Scalable APIs with GraphQL Server Codegen Preset

A GraphQL server is usually a central system where teams need to be able to develop features whilst not blocking other teams. Each team can have varied standards and practices. So, if the GraphQL server is not set up in a structure to allow concurrent contribution, development slows down, and more time is spent on admin tasks rather than delivering new features.

This blog post explores some of the common problems GraphQL servers encounter at scale and recommends how to solve them.

The Easy Problem: Code Ownership

Problem: How to Manage Code Ownership?

Sharing a single codebase across many teams without clear structure and guidelines is a recipe for disaster. The first team in the codebase usually establishes a structure that works for them. When a second team joins, they most likely follow the structure already there. The same story happens for every team thereafter. After a few more rounds, development slows down. One may review the structure and find themselves staring down a codebase structured by one team, for one team.

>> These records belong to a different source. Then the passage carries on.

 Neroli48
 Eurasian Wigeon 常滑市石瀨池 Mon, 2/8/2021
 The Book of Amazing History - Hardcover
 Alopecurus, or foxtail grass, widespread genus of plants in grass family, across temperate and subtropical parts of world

Teams want their members to be notified of changes related to their domain, but not every Pull Request (PR). If you were ever notified of a change unrelated to your team, chances are the codebase needs to be set up to support many teams working on it.

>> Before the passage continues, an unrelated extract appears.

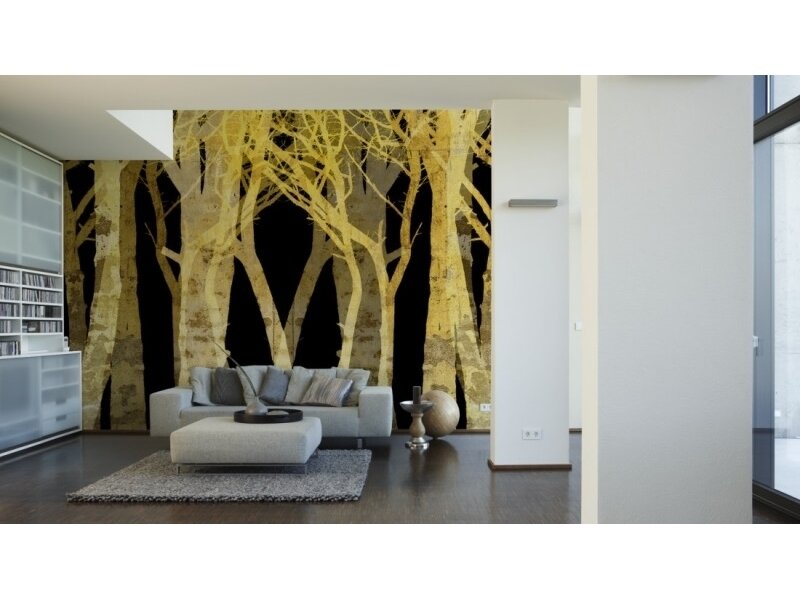 XXL2 fototapetai 470364 L 1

In the example below, Team A is the first to set up the server. They manage User and Auth domains, so they create datasources and resolvers folders for these files:

├── src/
│   ├── schema/
│   │   ├── datasources/
│   │   │   ├── UserDatasource.ts
│   │   │   ├── AuthDatasource.ts
│   │   ├── resolvers/
│   │   │   ├── userResolvers.ts
│   │   │   ├── authResolvers.ts
│   │   ├── userSchema.graphql
│   │   ├── authSchema.graphql
│   ├── server.ts
│   ├── codegen.yml

Then, Team B comes into the codebase. They manage Book domain, so they add their files following the same structure:

├── src/
│   ├── schema/
│   │   ├── datasources/
│   │   │   ├── UserDatasource.ts
│   │   │   ├── AuthDatasource.ts
│   │   │   ├── BookDatasource.ts
│   │   ├── resolvers/
│   │   │   ├── userResolvers.ts
│   │   │   ├── authResolvers.ts
│   │   │   ├── bookResolvers.ts
│   │   ├── userSchema.graphql
│   │   ├── authSchema.graphql
│   │   ├── bookSchema.graphql
│   ├── server.ts
│   ├── codegen.yml

While this works at a small scale with low communication overhead, it cannot scale. When there are tens or hundreds of datasources and resolvers, it would be hard to know who owns what. A simple solution is to assign files to owners using GitHub’s CODEOWNERS or similar features. But it has to be done on every file because files are split into category folders, e.g. resolvers, datasources, etc.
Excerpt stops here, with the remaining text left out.